The growing complexity of today’s interconnected systems has not only increased the need for improved information security, but also helped to move information from the IT backroom to the executive boardroom as a strategic asset. And, just like the tip of an iceberg is all you see until you run into it, the risks to your information are mostly invisible until disaster strikes.

Detailing procedures to help your team perform better risk assessments and aggregate results into more meaningful metrics, Practical Risk Management for the CIO approaches information risk management through improvements to information management and information security. It provides easy-to-follow guidance on how to effectively manage the flow of information and incorporate both service delivery and reliability.

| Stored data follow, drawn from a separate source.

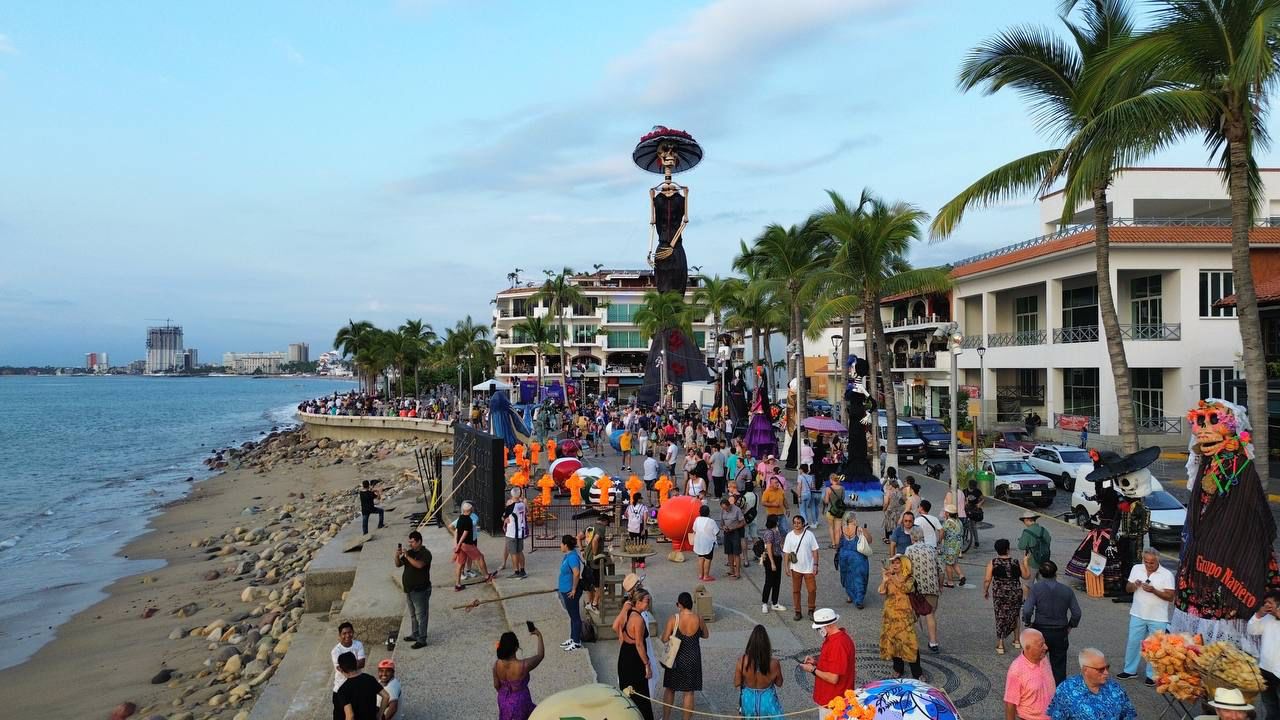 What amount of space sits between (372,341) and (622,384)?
2562 centimetres

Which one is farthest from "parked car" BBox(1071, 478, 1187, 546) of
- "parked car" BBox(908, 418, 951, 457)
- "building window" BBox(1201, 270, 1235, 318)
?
"building window" BBox(1201, 270, 1235, 318)

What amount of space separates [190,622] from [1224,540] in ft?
57.5

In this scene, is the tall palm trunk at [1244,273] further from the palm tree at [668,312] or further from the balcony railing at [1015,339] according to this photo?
the palm tree at [668,312]

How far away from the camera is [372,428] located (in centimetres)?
5403

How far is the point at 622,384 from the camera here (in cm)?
7731

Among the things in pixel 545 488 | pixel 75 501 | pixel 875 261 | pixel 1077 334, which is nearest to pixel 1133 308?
pixel 1077 334

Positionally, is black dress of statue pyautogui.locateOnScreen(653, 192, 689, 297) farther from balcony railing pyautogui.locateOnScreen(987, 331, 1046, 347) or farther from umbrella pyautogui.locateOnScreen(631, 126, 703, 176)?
balcony railing pyautogui.locateOnScreen(987, 331, 1046, 347)

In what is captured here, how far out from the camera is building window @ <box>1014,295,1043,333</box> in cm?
3866

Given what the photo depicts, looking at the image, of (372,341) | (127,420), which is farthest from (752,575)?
(127,420)

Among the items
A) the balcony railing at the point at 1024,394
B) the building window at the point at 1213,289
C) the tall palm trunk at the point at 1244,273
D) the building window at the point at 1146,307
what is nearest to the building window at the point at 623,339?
the balcony railing at the point at 1024,394

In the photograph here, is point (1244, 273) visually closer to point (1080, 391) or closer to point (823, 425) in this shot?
point (823, 425)

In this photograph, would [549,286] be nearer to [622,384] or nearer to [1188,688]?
[622,384]

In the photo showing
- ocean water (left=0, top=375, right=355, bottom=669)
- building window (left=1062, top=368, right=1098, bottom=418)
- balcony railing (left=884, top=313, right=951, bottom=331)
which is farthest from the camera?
balcony railing (left=884, top=313, right=951, bottom=331)

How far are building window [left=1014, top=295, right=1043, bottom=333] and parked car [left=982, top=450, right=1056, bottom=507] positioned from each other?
20217mm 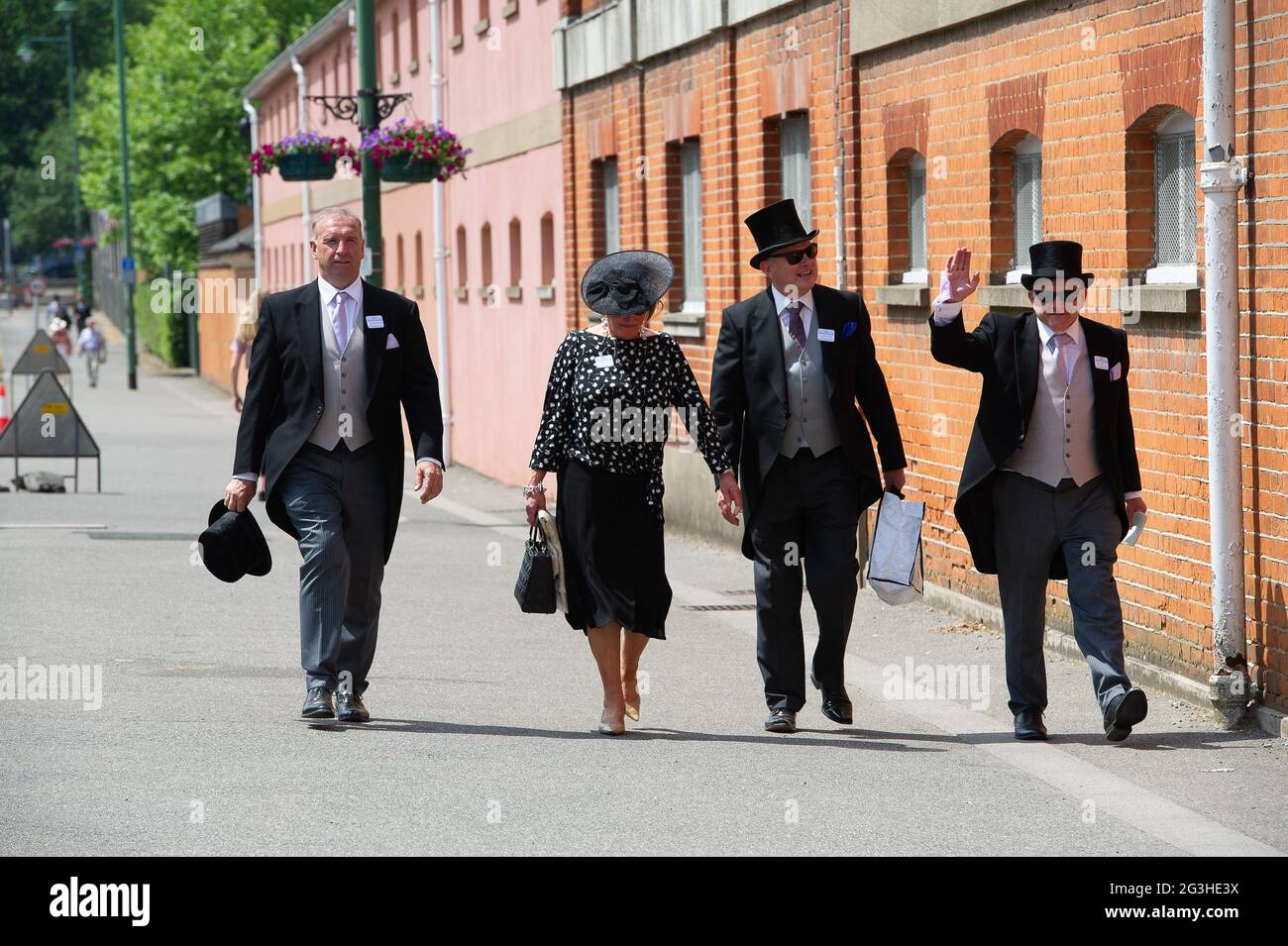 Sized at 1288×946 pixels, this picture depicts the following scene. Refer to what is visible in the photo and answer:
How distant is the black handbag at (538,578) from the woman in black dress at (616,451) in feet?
0.27

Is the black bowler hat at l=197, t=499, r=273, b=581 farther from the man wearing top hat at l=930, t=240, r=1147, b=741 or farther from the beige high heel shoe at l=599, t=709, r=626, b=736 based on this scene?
the man wearing top hat at l=930, t=240, r=1147, b=741

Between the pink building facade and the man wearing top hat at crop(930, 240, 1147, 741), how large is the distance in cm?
1439

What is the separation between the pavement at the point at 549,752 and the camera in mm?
6820

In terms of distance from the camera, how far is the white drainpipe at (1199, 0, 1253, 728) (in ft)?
28.9

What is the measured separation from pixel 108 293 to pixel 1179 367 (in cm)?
9717

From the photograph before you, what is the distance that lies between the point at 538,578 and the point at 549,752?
0.68m

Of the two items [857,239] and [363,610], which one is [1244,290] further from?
[857,239]

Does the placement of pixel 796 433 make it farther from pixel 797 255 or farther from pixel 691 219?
pixel 691 219

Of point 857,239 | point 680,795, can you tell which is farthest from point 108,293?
point 680,795

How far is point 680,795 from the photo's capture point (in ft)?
24.4

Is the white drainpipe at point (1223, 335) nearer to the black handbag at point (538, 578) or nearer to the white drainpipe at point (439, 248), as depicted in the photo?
the black handbag at point (538, 578)

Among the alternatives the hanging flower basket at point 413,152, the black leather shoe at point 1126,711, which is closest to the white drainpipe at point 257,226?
the hanging flower basket at point 413,152

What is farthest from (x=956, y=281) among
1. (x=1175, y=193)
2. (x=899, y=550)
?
(x=1175, y=193) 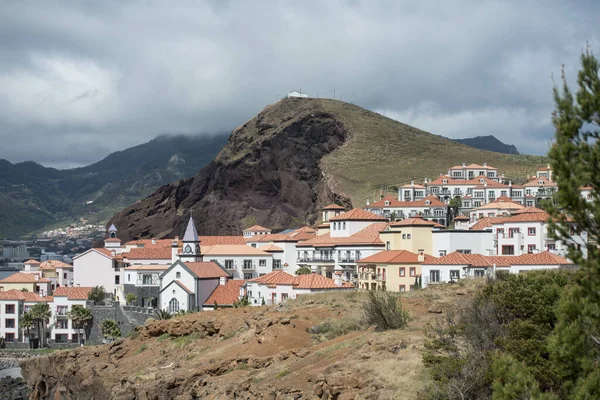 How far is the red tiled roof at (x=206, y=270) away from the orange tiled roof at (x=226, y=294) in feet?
4.61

Explains why every CIO should be managing his or her information differently
Provides time-tested risk ranking strategies
Considers information security strategy standards such as NIST, FISMA, PCI, SP 800, & ISO 17799
Supplies steps for managing: information flow, classification, controlled vocabularies, life cycle, and data leakage
Describes how to put it all together into a complete information risk management framework

Information is one of your most valuable assets. If you aren’t on the constant lookout for better ways to manage it, your organization will inevitably suffer. Clarifying common misunderstandings about the risks in cyberspace, this book provides the foundation required to make more informed decisions and effectively manage, protect, and deliver information to your organization and its constituents.